Here’s where to begin.
Get to Know the People You Serve
Note the framing here: “the people you serve.” Not the people who serve you, or serve at your pleasure.
Both might be technically correct, but thinking of yourself and your lieutenants as somehow apart from your organization’s rank-and-file will put you in a weaker position as you work to transform it. According to Walden University, 56% of workers cite poor management as a key factor in deciding to leave a job.
To overcome this challenge, work on making personal connections with those you lead. Get to know them and they’ll be apt to work harder for you.
“The more forthcoming a manager can be, the more respect he or she will garner from employees.
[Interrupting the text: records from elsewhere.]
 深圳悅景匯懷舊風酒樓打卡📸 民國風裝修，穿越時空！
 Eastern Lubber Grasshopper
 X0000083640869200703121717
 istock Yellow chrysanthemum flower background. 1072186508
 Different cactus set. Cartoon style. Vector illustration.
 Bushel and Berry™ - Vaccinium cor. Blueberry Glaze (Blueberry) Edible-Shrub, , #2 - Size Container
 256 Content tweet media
And by being open themselves, managers invite their team members to share concerns and cultivate good communication in the workplace,” Walden says.
Identify and Correct Inefficiencies, Inadequacies and Oddities
Strengthening communication and connection within the workplace is a good first step, but turning around an organization requires more. Eventually, you’ll need to make some difficult decisions that may affect some of your team members’ livelihoods.
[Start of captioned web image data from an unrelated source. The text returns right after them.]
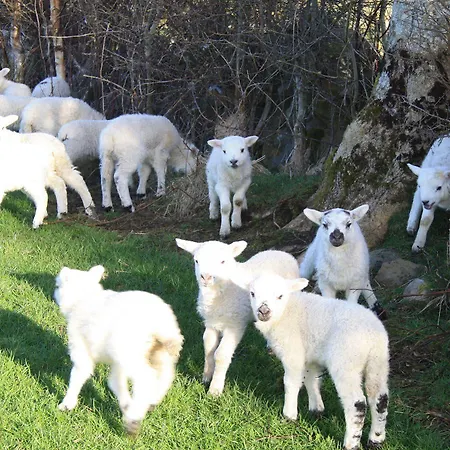 Konukevi Corrib Wave 3*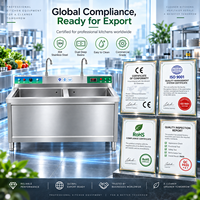 Évier commercial pour la préparation des aliments avec fonction de lavage de la vaisselle et des produits pour les distributeurs de cuisines centralisées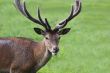 Red Deer stag 
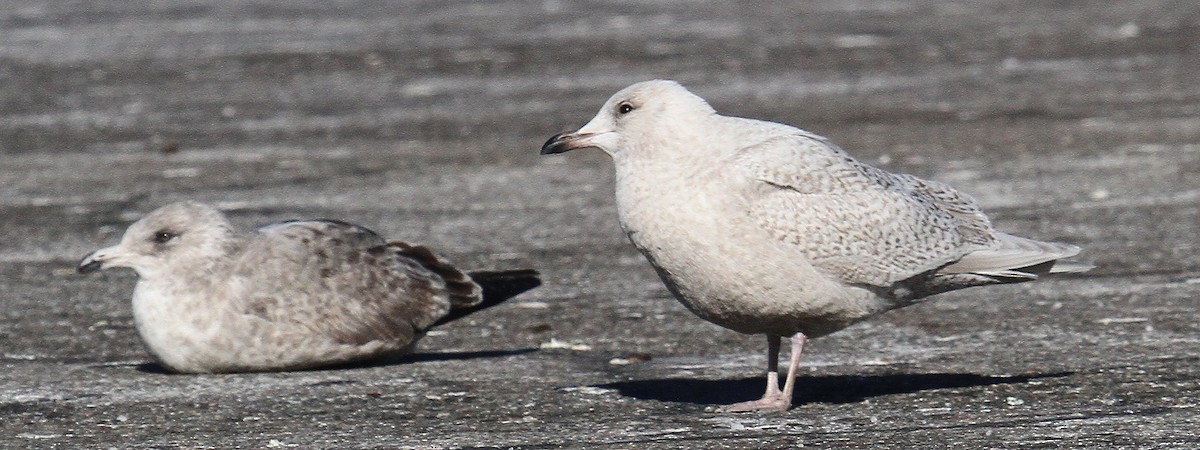 Iceland Gull - ML629822708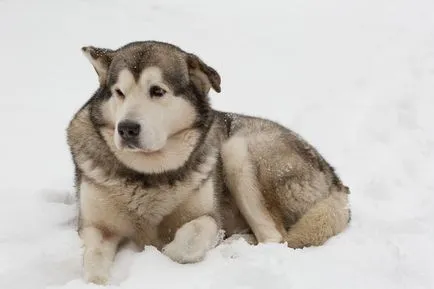 Să mergem la o plimbare husky!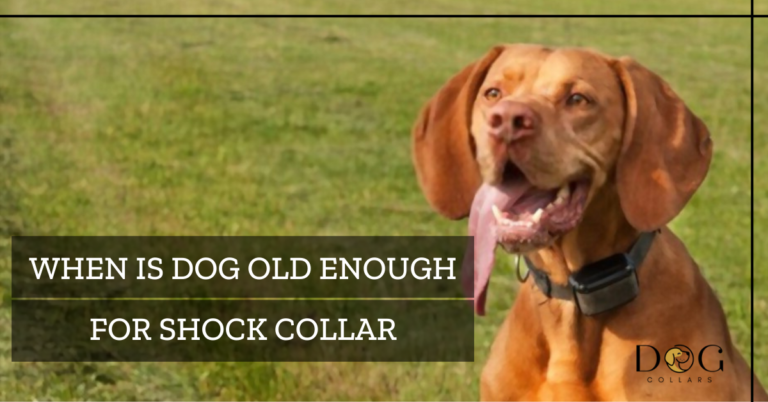 When is a Dog Old Enough For A Shock Collar – Explained by Experts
These decisions will be easier when they’re data-driven and evidence-based. Start by identifying obvious inefficiencies and deficiencies within the organization’s structure, such as an especially bloated division with internal redundancies or a perennially underperforming business line that’s been kept around in the faint hope that it can improve.
Look for not-so-obvious issues too. Let’s call them “oddities.” A small team whose role nobody can quite ascertain, a sales employee whose performance is held to a different standard than their colleagues’, a reporting chain cut off from the “main trunk” of the business — you get the idea. Your job, now, is to find and correct them before they cause any more trouble.
Reconnect Your Organization With Its Stated Mission (Or Create a New One)
When some 70% of employees say their personal sense of purpose is defined by their work, it’s essential that your organization find its own. This could be the single most impactful step you take to turn things around, in fact.
It might not be as easy as you hope. Many organizations go adrift because they’ve strayed from their original mission — their purpose — to the point that it no longer reflects their long-term goals (or their employees’). If that’s the case for the entity you lead, it’s time to begin the work of developing a new mission. And that’s a much more involved process than coming up with a fresh slogan over a lunch meeting — think months, not days.
Build an “Accountability Superstructure”
Every leader worth their paycheck understands the importance of individual-level accountability. Fewer realize how tricky it can be to achieve and enforce it in a modern, professional workplace.
“Holding employees accountable is challenging, especially when trying to do so in a supportive way,” say the experts at HR Cloud. “No one wants to be seen as a micromanager or to make the workplace feel like it’s filled with unnecessary pressure.”
To create a comprehensive accountability “superstructure” within your organization, HR Cloud recommends setting clear expectations for every role and task, documenting goals to create a reference point, fostering open communication, regularly checking in with your reports and providing feedback, and providing reasonable and empathetic support along the way.
Surround Yourself With People Who Know More Than You
Humbling? Sure. But it’s important to recognize and admit when you don’t know everything.
Your “council of experts” can come in some part from the existing ranks of your organization’s workforce, but you’ll most likely want to bring in outside experts too. With the cost of recruiting top talent running three to four times the position’s salary, according to SHRM, contract-based consultants could be a more cost-effective way to get this done in the short term.
Keep Close Tabs on Your Progress
Remember, your organization’s turnaround should be evidence- and data-based. To ensure that it remains so, keep close watch on your progress toward the goals you’ve set for yourself, your executive team, and the rank-and-file teams they lead. Checking in on a weekly or even daily basis, and adjusting as needed, gives you the best chance of durable success.
Final Thoughts
As every leader discovers sooner or later, quick fixes are few and far between. The project of restoring purpose and vigor to your organization is no different. Although the specifics of your situation will determine how the effort unfolds, it would be unwise to expect it to do so over a term measured in months. It’s more likely to take years, and perhaps several at that.
Take this not as cause for discouragement but as inspiration that the work you’re undertaking is to be truly transformative. That’s why you do what you do, after all, and why so many of your peers in leadership do what they do too.